The Nothing Men, page 7
part #1 of The Nothing Men Series
“Thank you.”
“Anyway, everyone around here has a job, except for the few children, and we’re working on starting school for them,” he said. “Luke will take you on as an apprentice. He’s taken a shine to you. You’ll start in the fields, and as you prove yourself, you can move up in the hierarchy. I’m pretty good at reading people, and I think you could have a bright future here. People will look up to you. Eventually, I’ll want to have a governing body of some kind. This won’t be a utopia forever.”
“Am I ever allowed to leave?” Ben asked, chuckling.
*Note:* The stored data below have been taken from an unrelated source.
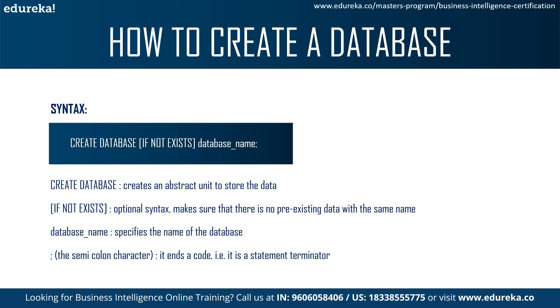So the database name should be short and relevant to the context of the data. The SQL queries are not case sensitive, so you can use any case to write the name of the database and it won't make a difference. Finally, you should end your query with a semicolon. The semicolon actually acts as a terminator to the sentence.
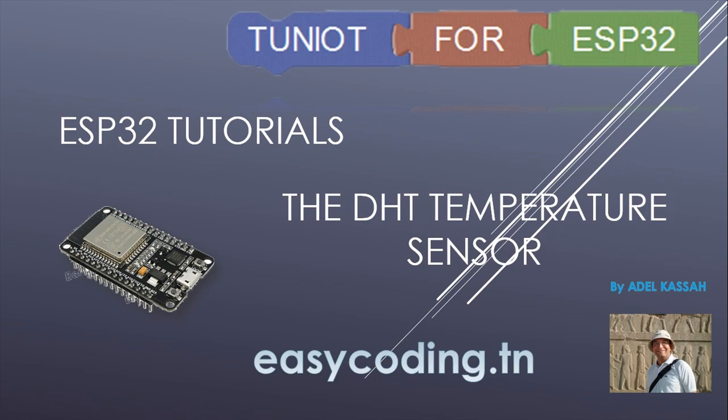Hello and welcome to this new tutorial. This video is a part of a playlist. You will find the link in the description below. In this video we will see how to connect the DHT temperature sensor to the ESP32.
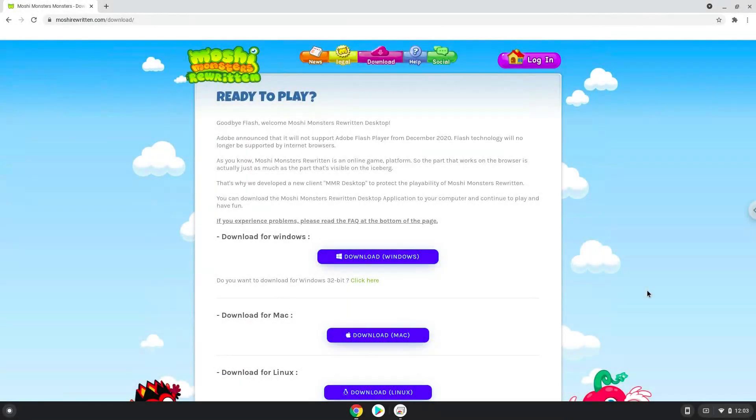Hello. Today we are looking at how to install Moshi Monster's rewritten desktop on a Chromebook. Firstly, we will turn on Linux apps.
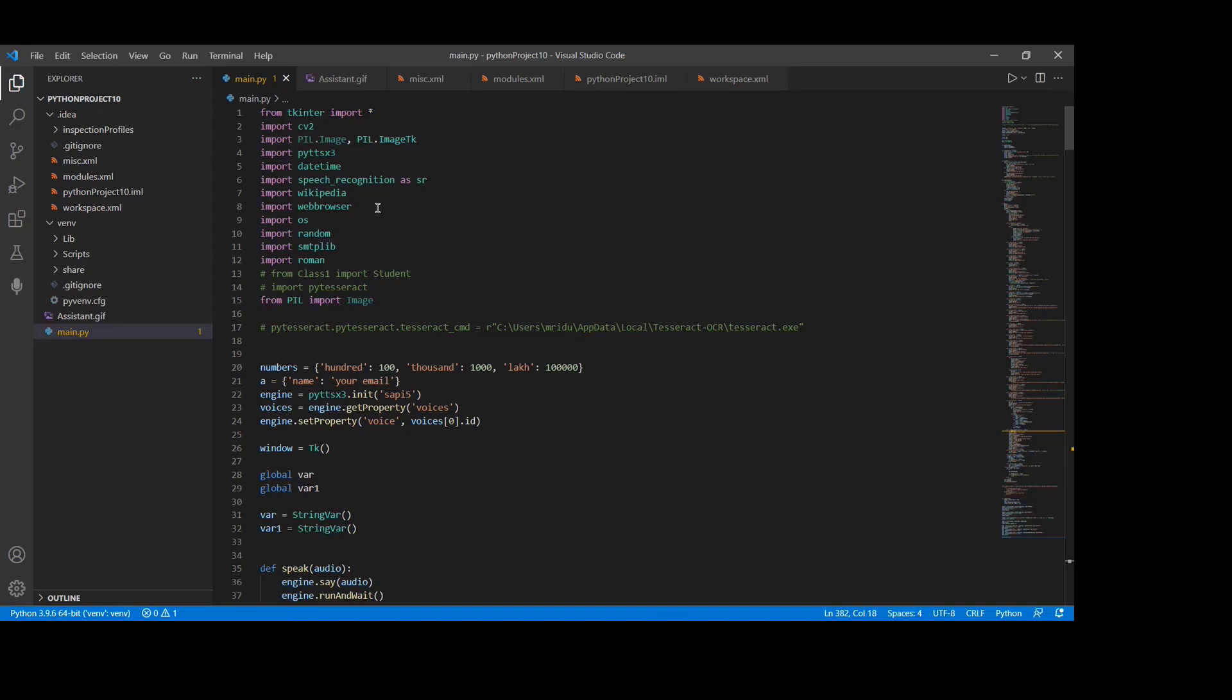If we want to run this project, we have to download some modules in terminal. Let's discuss about modules which we are using in our project.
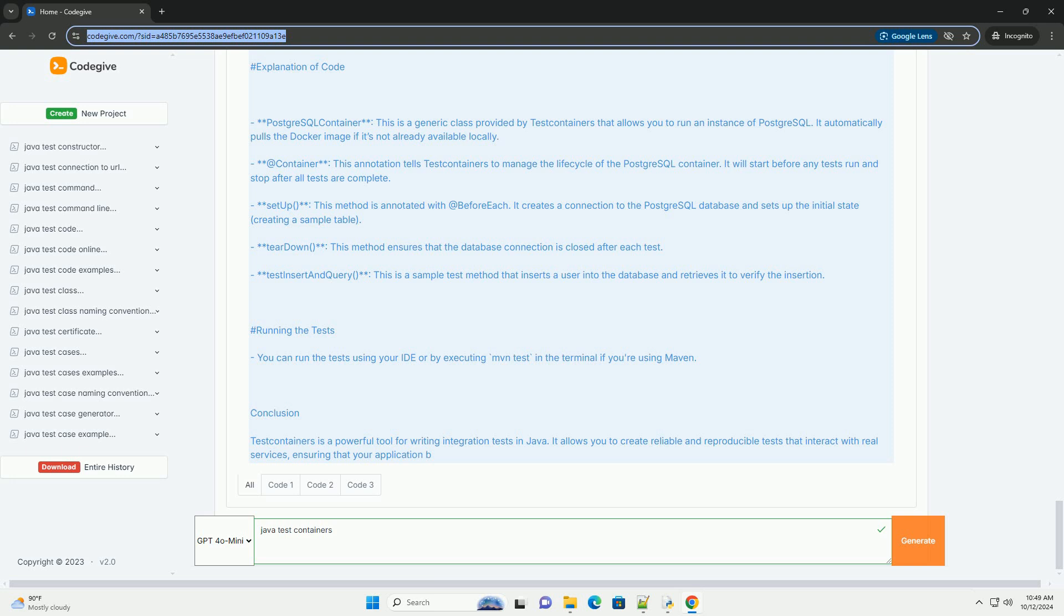Explanation of Code: PostgreSQL Container, this is a generic class provided by test containers that allows you to run an instance of PostgreSQL. It automatically pulls the Docker image if it's not already available locally. Add Container, this annotation tells test containers to manage the life cycle of the PostgreSQL container. It will start before any tests run and stop after all tests are complete.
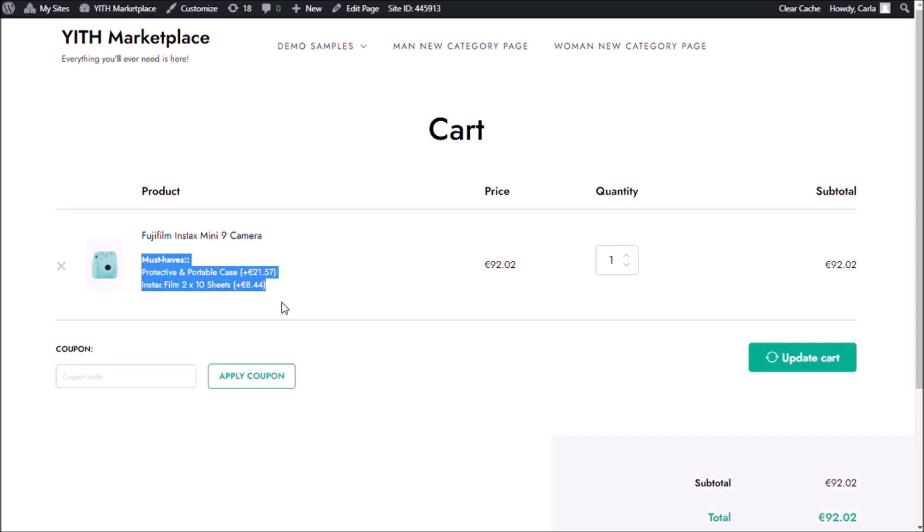So there you go guys. That's how you can add products from your own store as options inside another product's page — encouraging your customers to purchase products that are related either because they would need it or they would be a great addition to the main product. And that's also how you can allow your customers to make multiple selections. Okay guys, so that was it for our video today. I hope you enjoyed it. If you did, please give it a big thumbs up and we'll see you again for our next video.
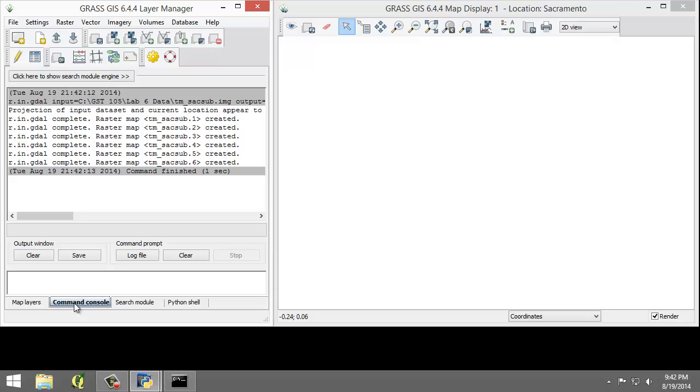Note that the tool imported six rasters, one raster for each raster band. GRASS treats each band as a separate raster map. Each band can be visualized separately or, if desired, a composite can be created, such as the composite created in Lab 3 for this course.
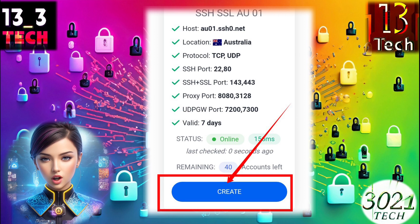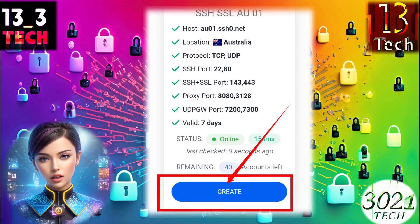Step 6. After selecting the server, it's time to confirm your choice. Click on the Create button to proceed.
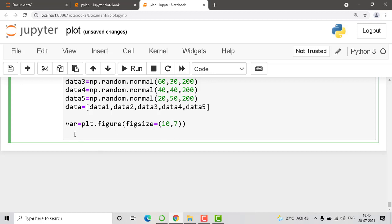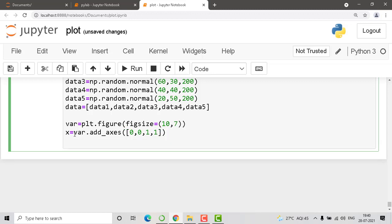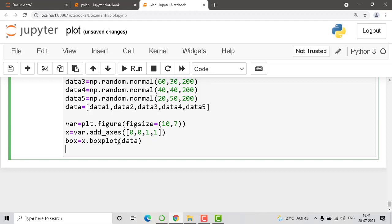Now let's create the axes. ax equals var.add_axes — and as we know we need four coordinates, so we go with 0, 0, 1, 1. Now the main thing: we create the box plot. box equals ax.boxplot and we pass our data variable. Now it's show time — plt.show — to display the plot.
“Of course,” Thompson said.
Ben took a deep breath and let it out slowly.
“Eventually, that is.”
Ben’s next breath caught in his throat.
“We have to be very careful about security. We’re pretty off the beaten path, but this isn’t a public shelter. We have a very strict protocol about leaving the grounds. Unauthorized absences will result in expulsion from the community. Besides, it’s important to us that our new members have a chance to acclimate themselves, get to know other people.”
“I see,” Ben said.
Ben’s dozen years as a lawyer had embedded in him a healthy skepticism of many things, including, but not limited to, nearly every word anyone said. Unlike Thompson, he didn’t rely on gut feelings too much, so instead, he took a more utilitarian approach and simply assumed that everyone was lying about something.
“What if I change my mind a week from now, two weeks from now?” Ben asked.
The question seemed to take Thompson by surprise, as if no one had ever asked it before. As though he’d never contemplated the possibility that someone might decide that life out there, beyond the borders of the Haven, was preferable to their insulated existence here. Thompson froze, just for an instant, long enough to make Ben wonder whether he was making it up as he went along, looking for an answer that would satisfy this desperate newcomer. Ben suspected that the promise of food and shelter and safety had been more than enough to convince a wide-eyed guest to sign on the dotted line. He had the very strong sense that Mr. Calvin Thompson expected everyone to say yes, and that this was a permanent arrangement.
“Same deal,” Thompson said finally, breaking the brief but awkward silence. “Blindfold. A ride back to wherever you were picked up. And you never see us again. But I’m proud to say that no one has turned down my offer yet, and no one has changed their mind.”
“What’s to stop me from taking off in the middle of the night?” Ben asked.
Thompson smiled, a jolly-looking grin that reminded Ben of a sparkly rock, which if you pulled it up, would reveal maggots and centipedes and other terrifying creepy-crawlies underneath.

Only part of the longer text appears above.